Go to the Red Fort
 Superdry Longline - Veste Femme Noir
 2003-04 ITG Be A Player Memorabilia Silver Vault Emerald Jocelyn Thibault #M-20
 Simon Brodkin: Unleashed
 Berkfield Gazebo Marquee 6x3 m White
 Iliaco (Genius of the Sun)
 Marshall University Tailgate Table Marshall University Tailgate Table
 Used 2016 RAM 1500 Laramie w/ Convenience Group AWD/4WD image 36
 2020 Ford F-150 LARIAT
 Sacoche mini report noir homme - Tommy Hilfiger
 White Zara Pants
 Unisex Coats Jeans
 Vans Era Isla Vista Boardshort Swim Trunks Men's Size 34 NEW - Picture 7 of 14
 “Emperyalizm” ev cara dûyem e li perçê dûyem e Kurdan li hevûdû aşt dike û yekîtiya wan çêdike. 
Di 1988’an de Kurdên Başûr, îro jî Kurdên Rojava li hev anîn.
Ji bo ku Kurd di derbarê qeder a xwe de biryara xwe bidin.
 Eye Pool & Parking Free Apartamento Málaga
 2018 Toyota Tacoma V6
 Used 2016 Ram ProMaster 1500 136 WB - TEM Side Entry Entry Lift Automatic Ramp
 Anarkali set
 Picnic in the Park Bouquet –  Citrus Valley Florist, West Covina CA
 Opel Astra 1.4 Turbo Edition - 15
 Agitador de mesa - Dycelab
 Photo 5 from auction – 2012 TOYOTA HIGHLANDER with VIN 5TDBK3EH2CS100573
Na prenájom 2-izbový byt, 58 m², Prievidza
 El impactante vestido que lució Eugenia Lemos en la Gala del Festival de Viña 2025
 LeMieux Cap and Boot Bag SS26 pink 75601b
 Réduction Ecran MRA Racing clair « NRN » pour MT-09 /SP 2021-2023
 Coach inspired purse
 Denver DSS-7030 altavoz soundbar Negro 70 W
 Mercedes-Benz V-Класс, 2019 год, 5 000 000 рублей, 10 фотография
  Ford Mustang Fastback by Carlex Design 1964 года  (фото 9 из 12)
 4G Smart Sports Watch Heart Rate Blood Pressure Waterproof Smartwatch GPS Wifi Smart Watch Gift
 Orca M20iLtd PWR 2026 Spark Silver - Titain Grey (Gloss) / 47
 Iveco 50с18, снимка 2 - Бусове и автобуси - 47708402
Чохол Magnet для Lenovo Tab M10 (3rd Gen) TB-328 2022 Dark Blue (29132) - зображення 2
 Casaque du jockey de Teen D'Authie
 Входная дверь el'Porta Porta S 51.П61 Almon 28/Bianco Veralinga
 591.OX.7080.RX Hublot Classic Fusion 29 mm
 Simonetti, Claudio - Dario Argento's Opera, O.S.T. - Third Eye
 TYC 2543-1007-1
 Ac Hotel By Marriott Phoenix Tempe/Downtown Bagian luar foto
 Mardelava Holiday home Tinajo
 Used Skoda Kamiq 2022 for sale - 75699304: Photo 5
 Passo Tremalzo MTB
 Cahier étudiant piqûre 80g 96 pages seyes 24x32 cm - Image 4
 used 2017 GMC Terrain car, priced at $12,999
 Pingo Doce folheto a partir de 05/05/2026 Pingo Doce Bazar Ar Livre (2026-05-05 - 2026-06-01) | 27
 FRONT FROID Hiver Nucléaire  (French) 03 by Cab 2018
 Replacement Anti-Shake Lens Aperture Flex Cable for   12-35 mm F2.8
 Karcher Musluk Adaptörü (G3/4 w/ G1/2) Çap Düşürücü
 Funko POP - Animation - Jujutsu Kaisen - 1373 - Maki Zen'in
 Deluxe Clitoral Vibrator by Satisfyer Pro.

•••••

**TRY IT**
Quote exactly the lines running from the start of the listing above through the line where "Marshall University Tailgate Table Marshall" is found, and output no other lines.

**EXPECTED ANSWER**
Go to the Red Fort
 Superdry Longline - Veste Femme Noir
 2003-04 ITG Be A Player Memorabilia Silver Vault Emerald Jocelyn Thibault #M-20
 Simon Brodkin: Unleashed
 Berkfield Gazebo Marquee 6x3 m White
 Iliaco (Genius of the Sun)
 Marshall University Tailgate Table Marshall University Tailgate Table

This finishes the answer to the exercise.